### Source records
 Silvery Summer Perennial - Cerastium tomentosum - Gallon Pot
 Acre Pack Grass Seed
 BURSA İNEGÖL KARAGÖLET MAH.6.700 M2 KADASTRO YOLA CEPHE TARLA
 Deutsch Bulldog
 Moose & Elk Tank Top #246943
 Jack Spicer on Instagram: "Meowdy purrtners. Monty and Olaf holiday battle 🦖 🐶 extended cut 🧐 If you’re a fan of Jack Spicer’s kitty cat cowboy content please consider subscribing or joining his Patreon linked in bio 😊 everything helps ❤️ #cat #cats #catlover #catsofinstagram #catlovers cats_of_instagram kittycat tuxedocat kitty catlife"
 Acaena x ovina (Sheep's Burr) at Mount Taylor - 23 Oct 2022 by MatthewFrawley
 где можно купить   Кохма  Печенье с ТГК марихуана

...

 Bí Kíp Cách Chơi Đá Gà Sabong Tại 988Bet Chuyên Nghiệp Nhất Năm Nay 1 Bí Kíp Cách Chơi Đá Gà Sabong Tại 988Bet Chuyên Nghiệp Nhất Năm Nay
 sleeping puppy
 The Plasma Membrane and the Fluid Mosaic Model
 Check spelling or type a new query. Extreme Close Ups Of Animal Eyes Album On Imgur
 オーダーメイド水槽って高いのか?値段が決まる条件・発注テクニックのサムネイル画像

### EXERCISE REQUIREMENTS
Write out exactly the lines above between the line with "sleeping puppy" and the line with "オーダーメイド水槽って高いの", inclusive, and nothing beyond them.

### RESULT FOR THIS EXERCISE
 sleeping puppy
 The Plasma Membrane and the Fluid Mosaic Model
 Check spelling or type a new query. Extreme Close Ups Of Animal Eyes Album On Imgur
 オーダーメイド水槽って高いのか?値段が決まる条件・発注テクニックのサムネイル画像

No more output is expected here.